=== Begin Enclosure ===
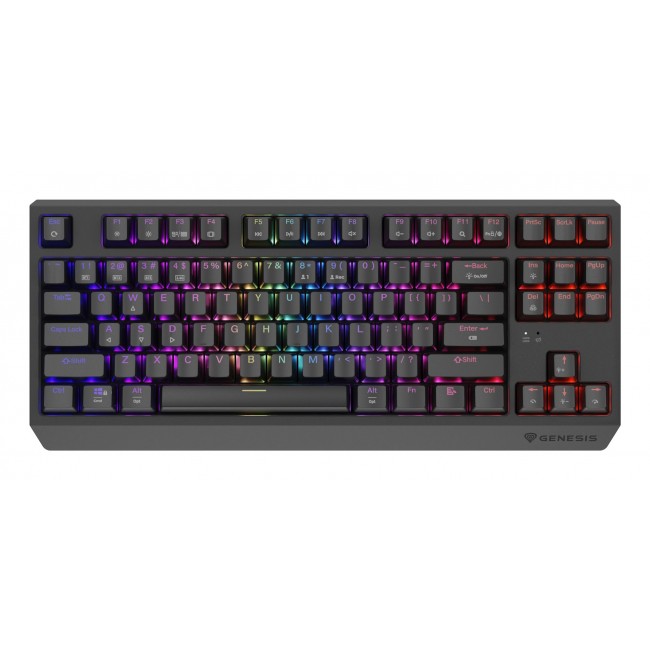 GENESIS Thor 230 TKL keyboard Gaming USB + RF Wireless + Bluetooth QWERTY US English Black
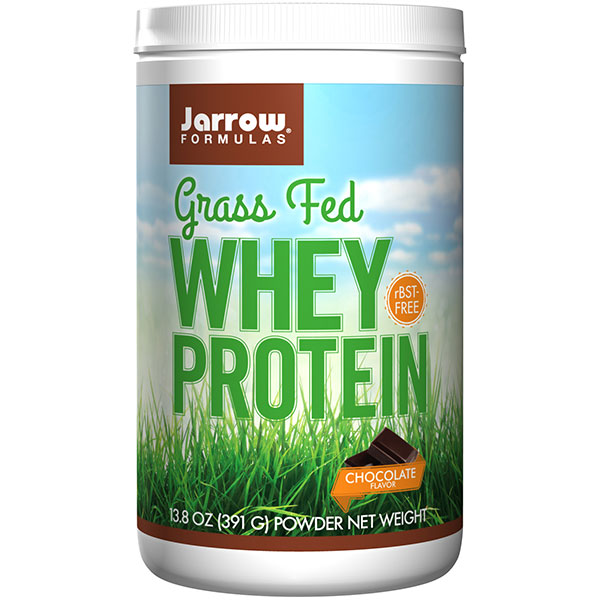 Jarrow Formulas Whey Protein Grass Fed - Chocolate Flavor, 13.8 oz (15 Servings), Jarrow Formulas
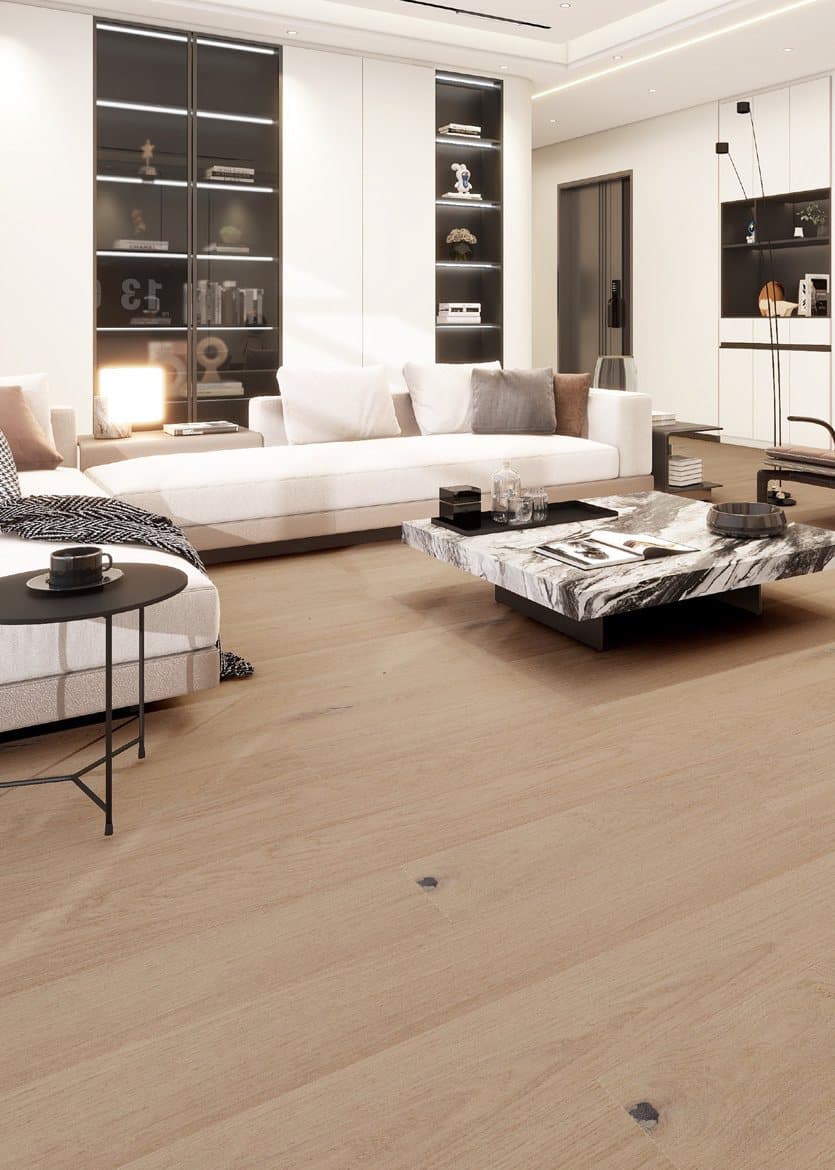 Room with Frost Genesis flooring
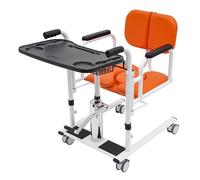 YUNRUX Chaise de transfert hydraulique pour patients - Hauteur de levage : 41 à 65 cm - Pour personnes âgées - Aide au transfert avec roues universelles - Chaise roulante portable pour patient - Ne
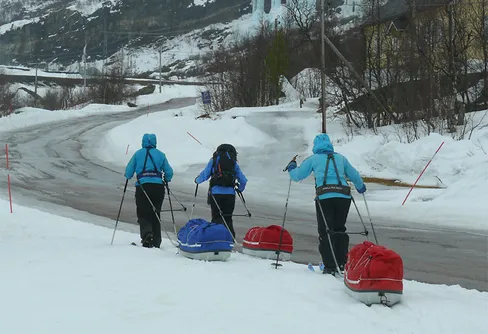 Vintertur genom Sarek (dag 1)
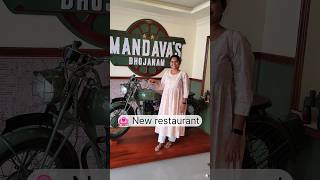 New restaurant in Vijayawda  unlimited veg thali  Mandavas restaurant  shorts viral [upl. by Eintihw]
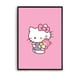 thumbnail image 3 of Kawaii Pink Hellos Cats Kittys Decoración Imágenes Decoración de la pared de la habitación Pintura sobre lienzo Decoraciones de la habitación Estética Pinterest Anime, 3 of 5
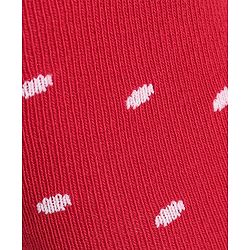 Cutewalk by Babyhug Non Terry Footed Anti Bacterial Polka Dot Design Tights  - Red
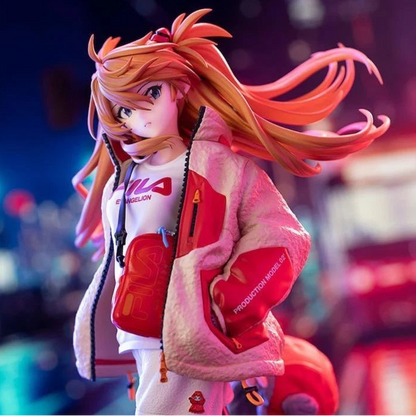 Asuka Sohryu Radio Eva Neon Genesis Evangelion Anime Figure Model PVC 9" [No Box]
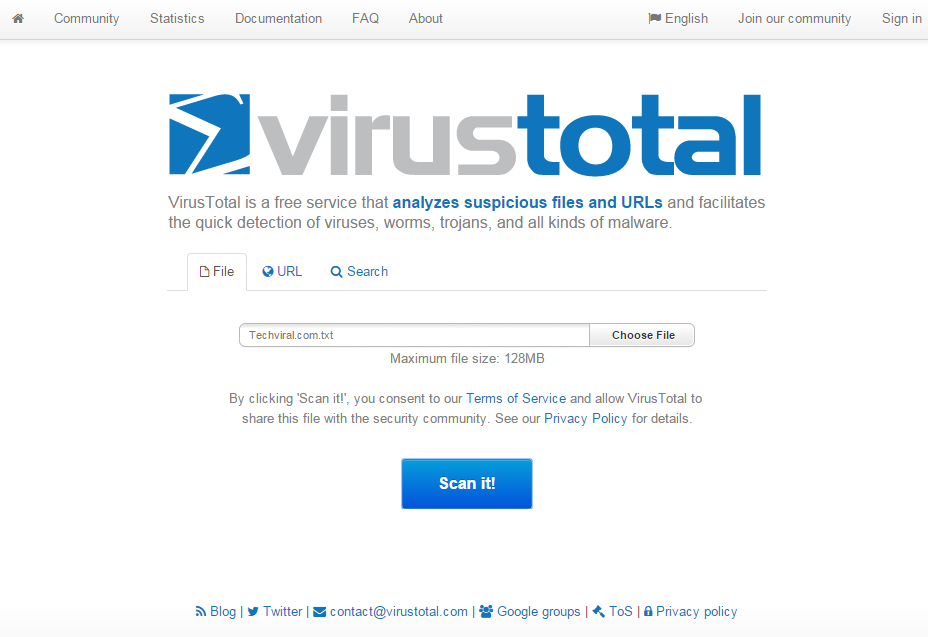  Scan Files & Url Without Any Antivirus Installed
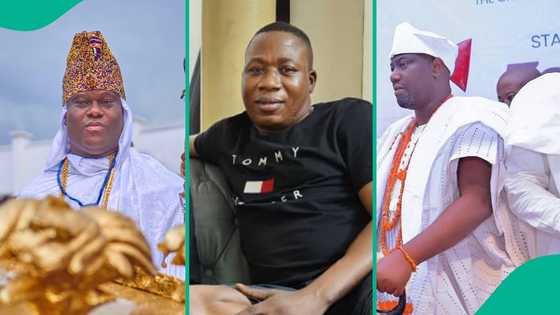 Sunday Igboho reacts to rumours of abusing Alaafin of Oyo, video goes viral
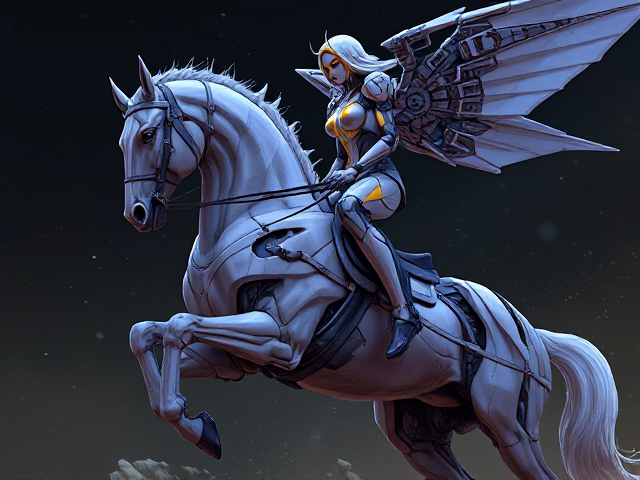 Neon genesis Evangelion unit 1 riding a horse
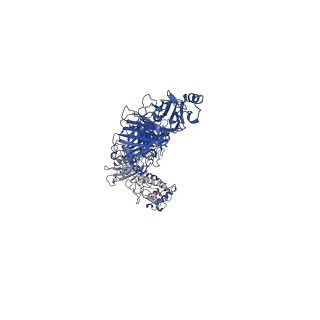 11743_7aeb_K_v1-2
Cryo-EM structure of an extracellular contractile injection system in marine bacterium Algoriphagus machipongonensis, the baseplate complex in extended state applied 6-fold symmetry.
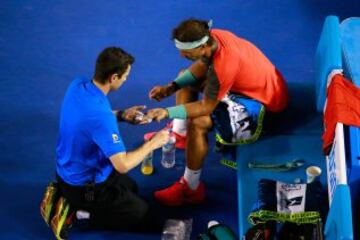 La semifinal entre Nadal y Federer, en imágenes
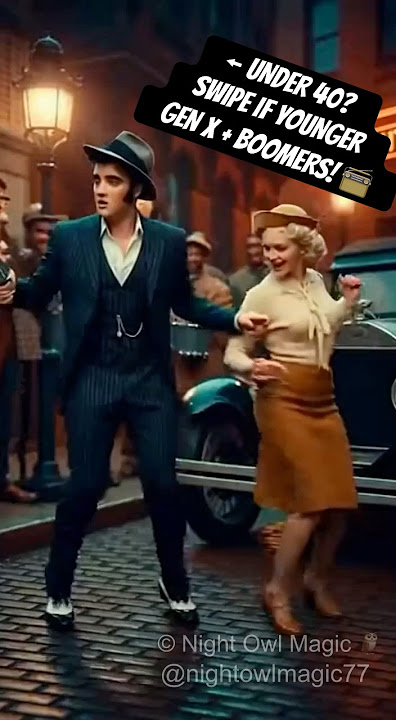 Download lagu Elvis Presley & Donna as 1930s BONNIE & CLYDE – You’ll Lose Your Mind 🔥🕴️ #elvis #viral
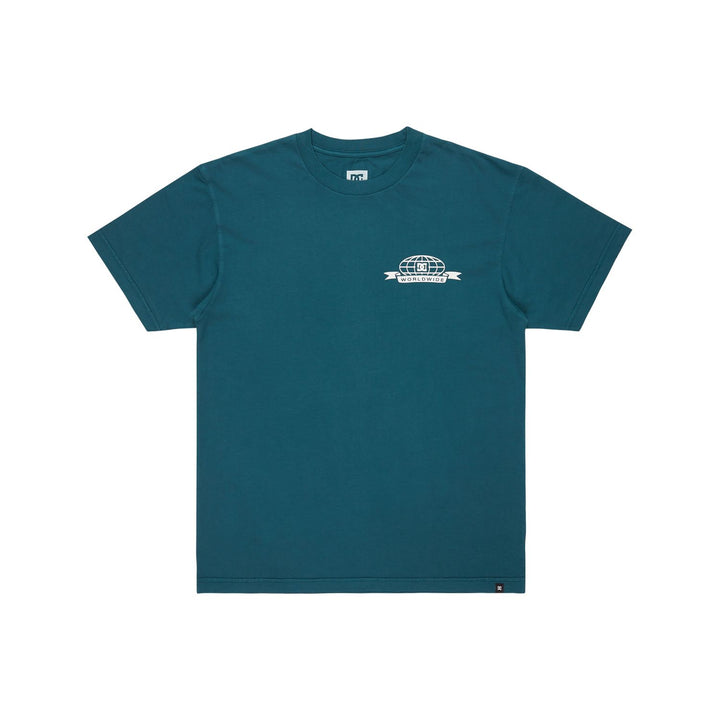 DC Stock Up T-Shirt Deep Teal Enzyme Wash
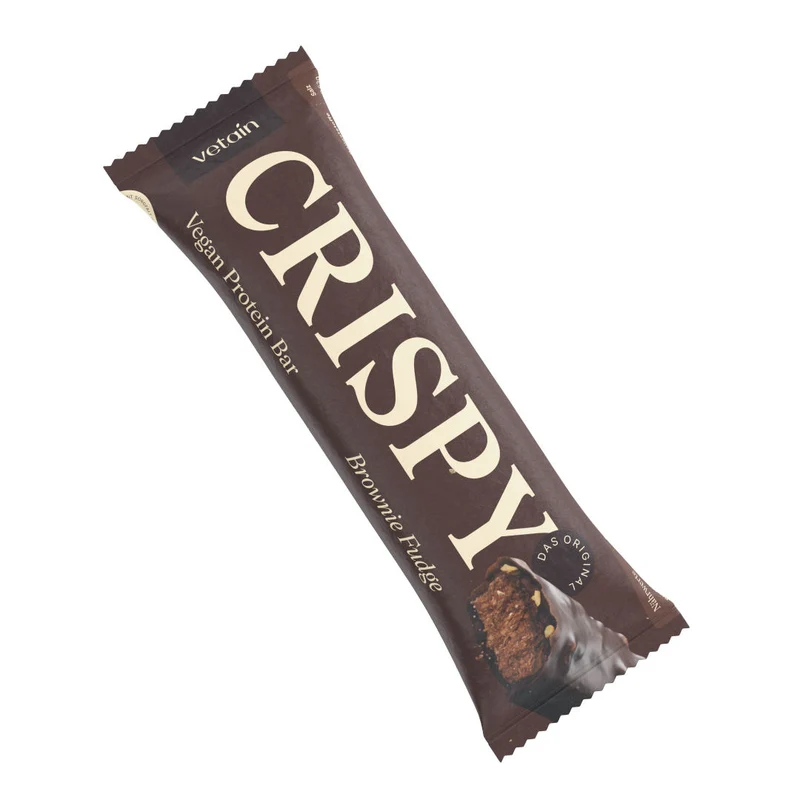 CRISPY Vegan Protein Bar - Brownie Fudge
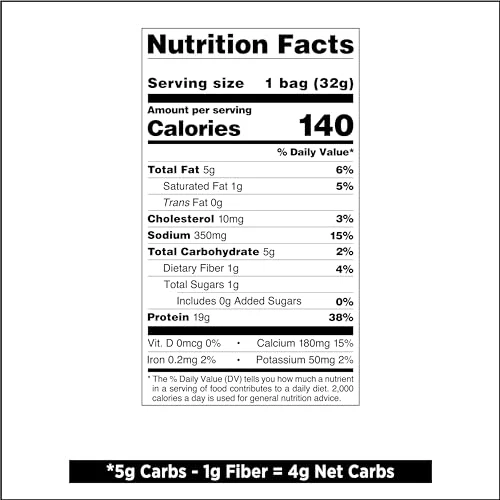Quest Nutrition Sour Cream & Onion Protein Chips, 19g Protein, 4g Net Carbs, Low Carb, Gluten Free, 1.1 oz (Pack of 12) - Image 8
=== End Enclosure ===
§ **What is needed**: Pictures in the records must not appear in the copy; transcribe everything else precisely.

§ **Worked solution**:
 GENESIS Thor 230 TKL keyboard Gaming USB + RF Wireless + Bluetooth QWERTY US English Black
 Jarrow Formulas Whey Protein Grass Fed - Chocolate Flavor, 13.8 oz (15 Servings), Jarrow Formulas
 Room with Frost Genesis flooring
 YUNRUX Chaise de transfert hydraulique pour patients - Hauteur de levage : 41 à 65 cm - Pour personnes âgées - Aide au transfert avec roues universelles - Chaise roulante portable pour patient - Ne
 Vintertur genom Sarek (dag 1)
 New restaurant in Vijayawda  unlimited veg thali  Mandavas restaurant  shorts viral [upl. by Eintihw]
 thumbnail image 3 of Kawaii Pink Hellos Cats Kittys Decoración Imágenes Decoración de la pared de la habitación Pintura sobre lienzo Decoraciones de la habitación Estética Pinterest Anime, 3 of 5
 Cutewalk by Babyhug Non Terry Footed Anti Bacterial Polka Dot Design Tights  - Red
 Asuka Sohryu Radio Eva Neon Genesis Evangelion Anime Figure Model PVC 9" [No Box]
  Scan Files & Url Without Any Antivirus Installed
 Sunday Igboho reacts to rumours of abusing Alaafin of Oyo, video goes viral
 Neon genesis Evangelion unit 1 riding a horse
 11743_7aeb_K_v1-2
Cryo-EM structure of an extracellular contractile injection system in marine bacterium Algoriphagus machipongonensis, the baseplate complex in extended state applied 6-fold symmetry.
 La semifinal entre Nadal y Federer, en imágenes
 Download lagu Elvis Presley & Donna as 1930s BONNIE & CLYDE – You’ll Lose Your Mind 🔥🕴️ #elvis #viral
 DC Stock Up T-Shirt Deep Teal Enzyme Wash
 CRISPY Vegan Protein Bar - Brownie Fudge
Quest Nutrition Sour Cream & Onion Protein Chips, 19g Protein, 4g Net Carbs, Low Carb, Gluten Free, 1.1 oz (Pack of 12) - Image 8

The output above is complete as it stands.